Si vous êtes dans l'un des cas cités ci-dessus, le processus est très formel :

  1. Notification de l'offre : Le propriétaire doit informer le locataire par lettre recommandée avec accusé de réception (ou acte de commissaire de justice). Cette notification doit impérativement indiquer le prix et les conditions de la vente, sous peine de nullité.
  2. Délai de réflexion : Le locataire dispose d'un délai de deux mois à compter de la réception de l'offre pour se prononcer.
  3. Acceptation avec prêt : Si le locataire accepte l'offre mais indique qu'il a recours à un prêt, le délai de réalisation de la vente est porté à quatre mois.
  4. Conséquence du refus : Si le locataire n'accepte pas l'offre dans les deux mois, il est déchu de tout titre d'occupation à l'expiration du délai de préavis de six mois. Il doit alors quitter les lieux.

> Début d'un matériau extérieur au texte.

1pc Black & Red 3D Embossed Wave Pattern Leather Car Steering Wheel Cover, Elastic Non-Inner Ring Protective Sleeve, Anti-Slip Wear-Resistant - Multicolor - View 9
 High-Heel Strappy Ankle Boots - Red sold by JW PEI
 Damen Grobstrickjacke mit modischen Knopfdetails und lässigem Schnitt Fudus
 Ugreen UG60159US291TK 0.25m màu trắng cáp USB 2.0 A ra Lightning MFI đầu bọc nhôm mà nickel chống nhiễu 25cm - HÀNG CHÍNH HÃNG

Les exceptions importantes à connaître

Il est crucial de noter que le droit de préemption ne s'applique pas dans toutes les situations :

  • Locations meublées : Le bail meublé (résidence principale) n'ouvre aucun droit de préemption au locataire. Le propriétaire peut vendre le bien libre à l'échéance du bail sans proposer le logement au locataire.
  • Vente à un parent : La vente à un parent jusqu'au troisième degré inclus (arrière-grands-parents, petits-enfants, neveux, etc.) est une exception classique où le droit de préemption ne s'applique pas.
  • Vente de locaux commerciaux : Bien que le Code de commerce (art. L145-46-1) prévoie un droit de préférence pour les locaux commerciaux, les règles diffèrent de celles du logement d'habitation.

Conseils pour les parties prenantes

Pour le propriétaire vendeur

  • Anticipez : Si vous prévoyez de vendre libre, préparez votre congé pour vente bien en amont pour respecter le délai de 6 mois avant l'échéance du bail.
  • Soyez précis : Toute erreur dans la notification de l'offre peut entraîner l'annulation de la procédure. Faites-vous accompagner par un notaire ou un avocat spécialisé.

Pour le locataire

  • Vérifiez votre bail : Assurez-vous que votre contrat est bien soumis à la loi du 6 juillet 1989.
  • Réagissez vite : Le délai de deux mois est strict. Si vous souhaitez acheter, ne tardez pas à monter votre dossier de financement, car le temps presse une fois le congé reçu.

En résumé, le droit de préemption est une protection forte pour le locataire en résidence principale vide, mais il ne doit pas être confondu avec une impossibilité de vendre pour le propriétaire. Une bonne connaissance des délais et des formes légales permet de sécuriser la transaction pour tout le monde.